== Data extract ==
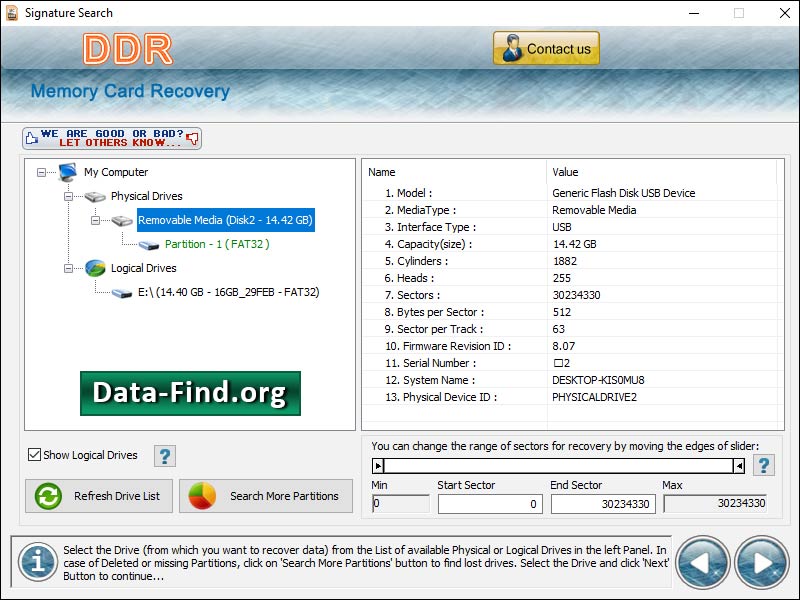 Screenshot of Secure Digital Card Recovery
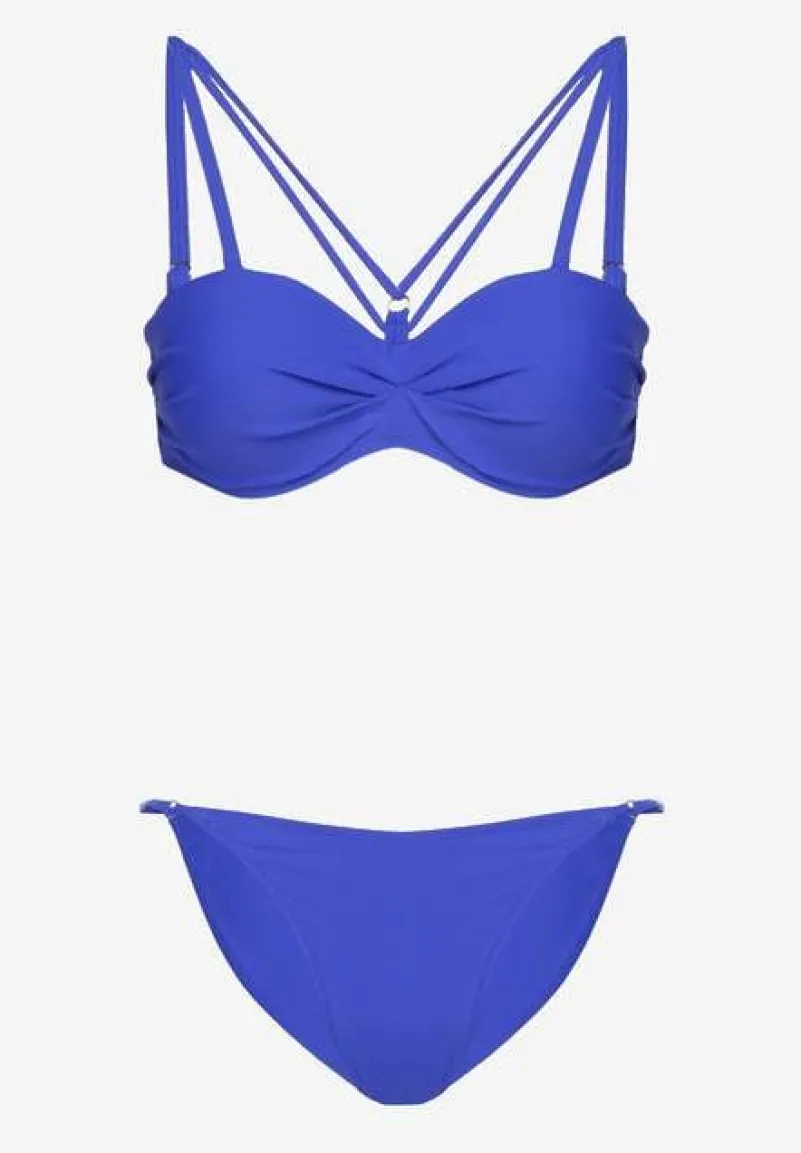 Niebieskie Bikini Majtki Typu Figi i Biustonosz z Ozdobnymi Paskami Fadelinna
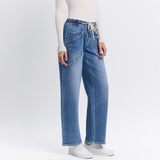 Lydia High Rise Barrel Denim - Vervet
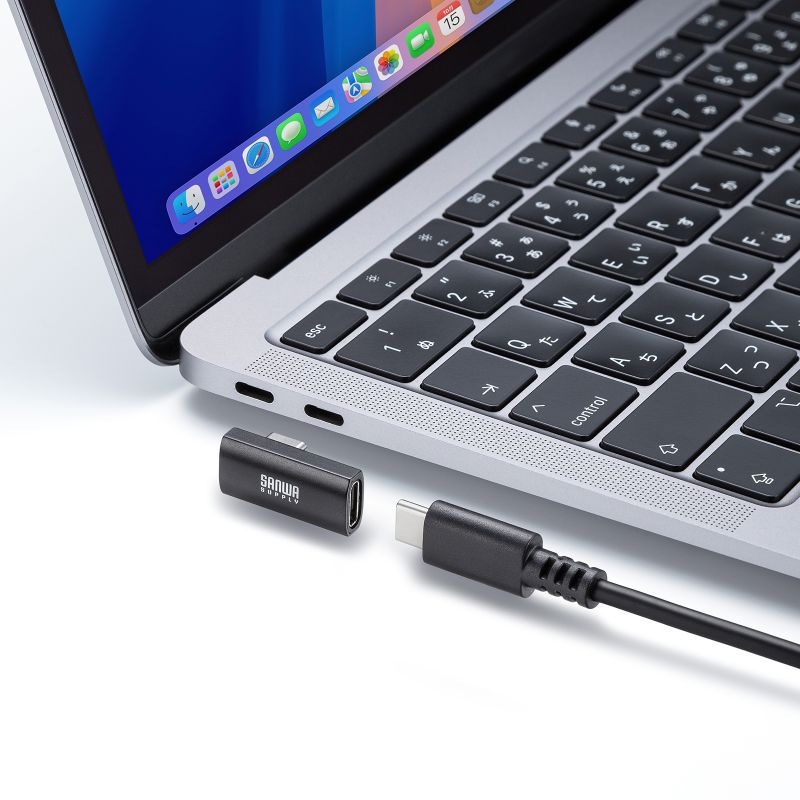 Type-C変換アダプタ(CtoC・L字縦挿し・40Gbps・240W)【AD-USB36CCFLT】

== Problem details ==
No pictures belong in the copy. Retype exactly, and only, the lines from the line containing "Lydia High Rise Barrel Denim - Vervet" through the last line of the data, both included.

== Response to this task ==
 Lydia High Rise Barrel Denim - Vervet
 Type-C変換アダプタ(CtoC・L字縦挿し・40Gbps・240W)【AD-USB36CCFLT】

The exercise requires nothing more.